» Source records:
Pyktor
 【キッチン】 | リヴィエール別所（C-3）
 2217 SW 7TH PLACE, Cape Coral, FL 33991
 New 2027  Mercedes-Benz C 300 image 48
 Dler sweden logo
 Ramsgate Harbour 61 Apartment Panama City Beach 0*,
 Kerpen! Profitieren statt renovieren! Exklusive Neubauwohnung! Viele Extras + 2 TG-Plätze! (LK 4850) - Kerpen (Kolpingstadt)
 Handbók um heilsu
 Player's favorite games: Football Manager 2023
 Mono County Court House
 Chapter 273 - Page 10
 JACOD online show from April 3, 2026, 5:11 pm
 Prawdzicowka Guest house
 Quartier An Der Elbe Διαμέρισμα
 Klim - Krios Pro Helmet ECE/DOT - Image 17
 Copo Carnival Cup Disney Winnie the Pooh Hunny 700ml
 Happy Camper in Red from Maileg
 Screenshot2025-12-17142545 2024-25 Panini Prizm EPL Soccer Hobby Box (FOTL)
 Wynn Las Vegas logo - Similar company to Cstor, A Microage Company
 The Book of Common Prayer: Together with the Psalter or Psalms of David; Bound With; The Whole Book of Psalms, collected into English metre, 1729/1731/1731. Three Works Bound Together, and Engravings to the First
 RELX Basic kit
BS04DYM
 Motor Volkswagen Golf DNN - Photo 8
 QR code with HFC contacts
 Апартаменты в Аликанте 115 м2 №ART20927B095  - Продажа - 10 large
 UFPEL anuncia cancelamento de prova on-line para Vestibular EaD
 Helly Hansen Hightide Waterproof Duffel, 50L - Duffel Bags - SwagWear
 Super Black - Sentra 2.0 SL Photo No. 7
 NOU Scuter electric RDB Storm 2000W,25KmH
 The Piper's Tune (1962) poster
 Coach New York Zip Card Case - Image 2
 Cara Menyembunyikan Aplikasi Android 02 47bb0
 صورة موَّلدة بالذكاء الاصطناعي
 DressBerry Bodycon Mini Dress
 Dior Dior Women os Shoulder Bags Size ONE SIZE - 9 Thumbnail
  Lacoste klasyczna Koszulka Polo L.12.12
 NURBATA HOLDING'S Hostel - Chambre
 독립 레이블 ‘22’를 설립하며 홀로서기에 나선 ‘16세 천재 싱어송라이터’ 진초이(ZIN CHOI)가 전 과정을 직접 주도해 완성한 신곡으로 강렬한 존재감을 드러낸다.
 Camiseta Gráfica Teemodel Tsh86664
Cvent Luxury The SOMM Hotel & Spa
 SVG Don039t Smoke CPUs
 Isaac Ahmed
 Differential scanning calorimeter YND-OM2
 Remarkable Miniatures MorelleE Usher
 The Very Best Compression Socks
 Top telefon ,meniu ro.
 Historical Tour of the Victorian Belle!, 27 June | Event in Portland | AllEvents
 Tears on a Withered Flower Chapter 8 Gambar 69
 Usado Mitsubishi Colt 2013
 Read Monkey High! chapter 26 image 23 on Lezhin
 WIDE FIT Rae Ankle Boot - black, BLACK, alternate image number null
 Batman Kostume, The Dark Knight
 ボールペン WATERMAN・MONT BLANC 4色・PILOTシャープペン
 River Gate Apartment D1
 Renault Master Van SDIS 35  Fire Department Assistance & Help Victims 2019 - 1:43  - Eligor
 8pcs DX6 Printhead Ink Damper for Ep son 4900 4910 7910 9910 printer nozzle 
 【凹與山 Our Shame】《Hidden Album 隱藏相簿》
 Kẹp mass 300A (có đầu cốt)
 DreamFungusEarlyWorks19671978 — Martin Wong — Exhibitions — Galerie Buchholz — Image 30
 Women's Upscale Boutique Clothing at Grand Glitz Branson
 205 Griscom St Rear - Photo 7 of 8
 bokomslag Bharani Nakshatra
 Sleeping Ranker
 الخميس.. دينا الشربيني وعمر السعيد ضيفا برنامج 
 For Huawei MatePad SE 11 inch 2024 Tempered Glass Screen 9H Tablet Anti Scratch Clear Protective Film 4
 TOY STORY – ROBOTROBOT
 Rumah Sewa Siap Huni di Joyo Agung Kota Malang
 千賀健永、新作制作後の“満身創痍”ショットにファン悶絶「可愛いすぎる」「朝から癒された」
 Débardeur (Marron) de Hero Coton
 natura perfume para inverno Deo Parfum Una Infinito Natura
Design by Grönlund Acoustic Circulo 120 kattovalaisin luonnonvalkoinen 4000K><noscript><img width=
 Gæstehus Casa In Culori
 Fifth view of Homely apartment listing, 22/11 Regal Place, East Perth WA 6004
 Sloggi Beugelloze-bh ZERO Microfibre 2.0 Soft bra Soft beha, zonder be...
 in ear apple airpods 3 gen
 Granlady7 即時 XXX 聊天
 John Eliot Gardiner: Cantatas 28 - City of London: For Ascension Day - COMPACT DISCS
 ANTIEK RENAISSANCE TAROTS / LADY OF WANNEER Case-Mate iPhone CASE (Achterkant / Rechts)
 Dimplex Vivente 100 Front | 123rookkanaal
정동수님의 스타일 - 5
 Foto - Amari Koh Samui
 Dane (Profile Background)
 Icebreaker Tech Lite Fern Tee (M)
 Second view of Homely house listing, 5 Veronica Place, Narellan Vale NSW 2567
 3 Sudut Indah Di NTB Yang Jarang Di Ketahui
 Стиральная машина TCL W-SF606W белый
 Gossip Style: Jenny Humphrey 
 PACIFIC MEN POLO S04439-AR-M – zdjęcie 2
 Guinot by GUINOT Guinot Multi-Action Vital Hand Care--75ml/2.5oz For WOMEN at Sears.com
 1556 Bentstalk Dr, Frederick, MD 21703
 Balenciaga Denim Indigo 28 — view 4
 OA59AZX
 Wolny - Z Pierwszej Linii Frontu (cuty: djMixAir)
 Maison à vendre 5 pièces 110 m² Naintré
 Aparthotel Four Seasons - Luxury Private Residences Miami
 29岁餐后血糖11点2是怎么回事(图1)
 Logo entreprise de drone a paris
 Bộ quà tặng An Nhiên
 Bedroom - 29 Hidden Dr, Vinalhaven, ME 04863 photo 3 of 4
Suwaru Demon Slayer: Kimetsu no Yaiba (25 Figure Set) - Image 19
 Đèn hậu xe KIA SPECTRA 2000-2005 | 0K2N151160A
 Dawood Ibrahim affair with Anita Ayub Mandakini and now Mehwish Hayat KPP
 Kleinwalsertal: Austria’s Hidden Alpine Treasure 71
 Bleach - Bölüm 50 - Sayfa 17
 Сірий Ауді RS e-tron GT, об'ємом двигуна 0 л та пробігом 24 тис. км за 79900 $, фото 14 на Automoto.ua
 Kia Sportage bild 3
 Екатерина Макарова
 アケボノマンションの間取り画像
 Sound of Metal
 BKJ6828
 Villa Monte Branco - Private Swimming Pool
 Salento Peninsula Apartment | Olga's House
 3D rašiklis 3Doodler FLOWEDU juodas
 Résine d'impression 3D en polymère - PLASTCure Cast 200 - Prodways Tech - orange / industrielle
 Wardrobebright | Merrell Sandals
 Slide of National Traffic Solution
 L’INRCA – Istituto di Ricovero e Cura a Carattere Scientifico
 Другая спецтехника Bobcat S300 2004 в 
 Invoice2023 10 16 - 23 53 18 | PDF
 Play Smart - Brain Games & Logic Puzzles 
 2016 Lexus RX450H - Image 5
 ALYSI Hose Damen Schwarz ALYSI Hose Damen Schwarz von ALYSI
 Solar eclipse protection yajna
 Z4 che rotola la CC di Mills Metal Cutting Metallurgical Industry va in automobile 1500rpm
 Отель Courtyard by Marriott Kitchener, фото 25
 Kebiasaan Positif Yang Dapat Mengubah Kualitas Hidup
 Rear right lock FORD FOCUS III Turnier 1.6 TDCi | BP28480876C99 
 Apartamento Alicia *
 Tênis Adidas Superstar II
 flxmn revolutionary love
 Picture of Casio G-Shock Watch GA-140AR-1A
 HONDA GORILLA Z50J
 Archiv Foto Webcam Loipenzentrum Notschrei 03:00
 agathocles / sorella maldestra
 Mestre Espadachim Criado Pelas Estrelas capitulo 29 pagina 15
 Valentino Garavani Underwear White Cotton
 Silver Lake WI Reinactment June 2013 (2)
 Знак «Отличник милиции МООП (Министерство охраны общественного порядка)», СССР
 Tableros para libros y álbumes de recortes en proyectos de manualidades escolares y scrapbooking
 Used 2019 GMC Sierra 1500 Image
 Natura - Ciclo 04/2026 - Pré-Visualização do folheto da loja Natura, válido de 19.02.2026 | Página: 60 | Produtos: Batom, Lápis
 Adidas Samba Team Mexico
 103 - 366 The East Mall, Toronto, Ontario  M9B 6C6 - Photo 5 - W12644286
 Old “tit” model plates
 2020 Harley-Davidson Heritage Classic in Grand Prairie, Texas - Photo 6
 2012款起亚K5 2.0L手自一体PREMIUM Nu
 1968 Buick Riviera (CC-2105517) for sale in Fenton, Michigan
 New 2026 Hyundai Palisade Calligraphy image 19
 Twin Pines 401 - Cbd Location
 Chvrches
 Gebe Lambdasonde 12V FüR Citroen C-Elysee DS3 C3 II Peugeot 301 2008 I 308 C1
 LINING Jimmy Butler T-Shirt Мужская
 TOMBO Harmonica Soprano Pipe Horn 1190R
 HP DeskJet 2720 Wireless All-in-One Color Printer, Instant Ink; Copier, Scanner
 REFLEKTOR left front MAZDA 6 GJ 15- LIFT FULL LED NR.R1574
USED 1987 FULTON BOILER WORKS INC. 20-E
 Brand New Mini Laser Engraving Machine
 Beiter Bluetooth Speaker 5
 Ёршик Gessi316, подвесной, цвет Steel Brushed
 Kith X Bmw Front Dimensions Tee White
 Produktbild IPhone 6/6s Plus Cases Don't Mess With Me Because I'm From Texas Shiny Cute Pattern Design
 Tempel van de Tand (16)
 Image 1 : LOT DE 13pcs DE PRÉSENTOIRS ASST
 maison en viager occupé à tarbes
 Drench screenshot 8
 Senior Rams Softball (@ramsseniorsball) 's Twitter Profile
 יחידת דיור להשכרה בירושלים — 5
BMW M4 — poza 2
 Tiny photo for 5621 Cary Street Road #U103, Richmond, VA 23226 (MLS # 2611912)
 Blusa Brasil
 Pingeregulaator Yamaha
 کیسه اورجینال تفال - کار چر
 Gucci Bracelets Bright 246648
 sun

» Assigned task:
Go through the listing above and write out exactly the lines starting with the one holding "The Piper's Tune (1962) poster" and running through the one holding "الخميس.. دينا الشربيني", ends included, and no others.

» Output:
 The Piper's Tune (1962) poster
 Coach New York Zip Card Case - Image 2
 Cara Menyembunyikan Aplikasi Android 02 47bb0
 صورة موَّلدة بالذكاء الاصطناعي
 DressBerry Bodycon Mini Dress
 Dior Dior Women os Shoulder Bags Size ONE SIZE - 9 Thumbnail
  Lacoste klasyczna Koszulka Polo L.12.12
 NURBATA HOLDING'S Hostel - Chambre
 독립 레이블 ‘22’를 설립하며 홀로서기에 나선 ‘16세 천재 싱어송라이터’ 진초이(ZIN CHOI)가 전 과정을 직접 주도해 완성한 신곡으로 강렬한 존재감을 드러낸다.
 Camiseta Gráfica Teemodel Tsh86664
Cvent Luxury The SOMM Hotel & Spa
 SVG Don039t Smoke CPUs
 Isaac Ahmed
 Differential scanning calorimeter YND-OM2
 Remarkable Miniatures MorelleE Usher
 The Very Best Compression Socks
 Top telefon ,meniu ro.
 Historical Tour of the Victorian Belle!, 27 June | Event in Portland | AllEvents
 Tears on a Withered Flower Chapter 8 Gambar 69
 Usado Mitsubishi Colt 2013
 Read Monkey High! chapter 26 image 23 on Lezhin
 WIDE FIT Rae Ankle Boot - black, BLACK, alternate image number null
 Batman Kostume, The Dark Knight
 ボールペン WATERMAN・MONT BLANC 4色・PILOTシャープペン
 River Gate Apartment D1
 Renault Master Van SDIS 35  Fire Department Assistance & Help Victims 2019 - 1:43  - Eligor
 8pcs DX6 Printhead Ink Damper for Ep son 4900 4910 7910 9910 printer nozzle 
 【凹與山 Our Shame】《Hidden Album 隱藏相簿》
 Kẹp mass 300A (có đầu cốt)
 DreamFungusEarlyWorks19671978 — Martin Wong — Exhibitions — Galerie Buchholz — Image 30
 Women's Upscale Boutique Clothing at Grand Glitz Branson
 205 Griscom St Rear - Photo 7 of 8
 bokomslag Bharani Nakshatra
 Sleeping Ranker
 الخميس.. دينا الشربيني وعمر السعيد ضيفا برنامج 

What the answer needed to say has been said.